Eye For Film >> Movies >> Cry Wolf (2005) Film Review
Cry Wolf
Reviewed by: Anton Bitel
The day after local girl Becky is murdered in the woods, new boy Owen (Julian Morris) arrives at Westlake Preparatory Academy, where, inducted into a secret society that meets at night to play lying games, he quickly gets to show off his talent for casual deception. As news of Becky's demise break out, the group decides to spread plausibly specific, if entirely invented, online rumours about the characteristic orange ski mask, hunting knife and modus operandi of the killer, whom they dub "The Wolf".
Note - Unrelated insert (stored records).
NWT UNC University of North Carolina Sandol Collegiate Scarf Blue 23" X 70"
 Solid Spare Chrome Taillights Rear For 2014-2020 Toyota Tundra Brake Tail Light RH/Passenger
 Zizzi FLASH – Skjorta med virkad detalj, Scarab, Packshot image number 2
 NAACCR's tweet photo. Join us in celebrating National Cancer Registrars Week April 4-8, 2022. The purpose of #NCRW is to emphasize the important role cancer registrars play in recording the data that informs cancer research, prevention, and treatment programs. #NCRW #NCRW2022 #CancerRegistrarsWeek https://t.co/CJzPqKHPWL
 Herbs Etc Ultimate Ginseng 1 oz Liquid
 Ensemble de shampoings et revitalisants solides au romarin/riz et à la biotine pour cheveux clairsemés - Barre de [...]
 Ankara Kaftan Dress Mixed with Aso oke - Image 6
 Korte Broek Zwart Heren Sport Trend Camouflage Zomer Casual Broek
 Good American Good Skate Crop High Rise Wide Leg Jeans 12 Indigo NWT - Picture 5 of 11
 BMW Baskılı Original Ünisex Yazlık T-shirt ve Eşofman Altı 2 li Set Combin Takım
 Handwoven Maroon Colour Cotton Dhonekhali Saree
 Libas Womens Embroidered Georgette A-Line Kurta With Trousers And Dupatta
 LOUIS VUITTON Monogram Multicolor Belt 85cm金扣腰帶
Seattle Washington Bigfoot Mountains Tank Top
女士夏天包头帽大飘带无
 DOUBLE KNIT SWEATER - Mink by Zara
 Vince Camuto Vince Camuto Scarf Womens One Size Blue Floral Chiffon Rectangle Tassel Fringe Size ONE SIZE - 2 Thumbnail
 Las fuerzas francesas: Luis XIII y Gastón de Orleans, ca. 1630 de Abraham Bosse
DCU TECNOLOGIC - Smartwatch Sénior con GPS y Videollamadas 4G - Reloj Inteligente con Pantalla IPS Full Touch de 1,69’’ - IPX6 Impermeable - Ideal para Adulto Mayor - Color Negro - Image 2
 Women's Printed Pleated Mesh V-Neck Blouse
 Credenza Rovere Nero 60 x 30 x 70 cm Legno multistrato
Owen's journalism teacher Mr Walker ( Jon Bon Jovi) sees through the ruse right away, but Owen ignores his warning of possible consequences, until, that is, he receives threatening messages on his computer from someone identified as "Wolf" and the society's members begin to disappear under highly suspicious circumstances. With Halloween fast approaching and a masked figure with a knife stalking the campus, Owen, his roommate Tom (Jared Padalecki) and love interest Dodger (Lindy Booth) are not sure who to trust, or how to get anyone to believe their story.
Although it may be smartly scripted and ingeniously plotted, Cry Wolf is unapologetically a genre flick. Anyone who has seen Scream, or any of the teen slashers it so knowingly pastiches, is unlikely to be surprised by the new film's use of a masked killer, a Halloween setting or a net full of red herrings. Indeed, Owen and his friends explicitly base their hoax profile of the murderer on the archetypal cinematic "slasher" and gleefully compose their false internet rumours as though writing a scenario for a cliched horror movie.
Yet there are things that make Cry Wolf stand out from the competition. First, there is the labyrinthine nature of the film's twists and turns, motivated by a chaotic nexus of subplots and character arcs, so that even if it is possible from quite early on in the picture to work out who the killer is, it is next to impossible to guess how all the different pieces fall into place. In a giallo-style mystery like this, such narrative complexity would normally be very welcome, although the sequence of expositional flashbacks required in the final scenes, just to tie everything together, makes the film end on an awkwardly didactic note.
Where Cry Wolf really comes into its own, however, is in its integration of the props of modern technology to advance the thrills. In response to those who claim that the ubiquity of cell phones makes the imperiled prey of the slasher genre seem implausible (why don't they just call for help?), Cry Wolf presents a killer well versed in exploiting a victim's ownership of a mobile device and who also knows that the anonymity of the 'net can cloak identity as well as a ski mask. With its focus on web gossip, identity theft and conspiracy theory, this truly is a slasher for the information age.
As a feature debut, Cry Wolf is certainly an impressive calling card for its co-writer/director Jeff Wadlow, even if ultimately it is too derivative to qualify as something to howl about.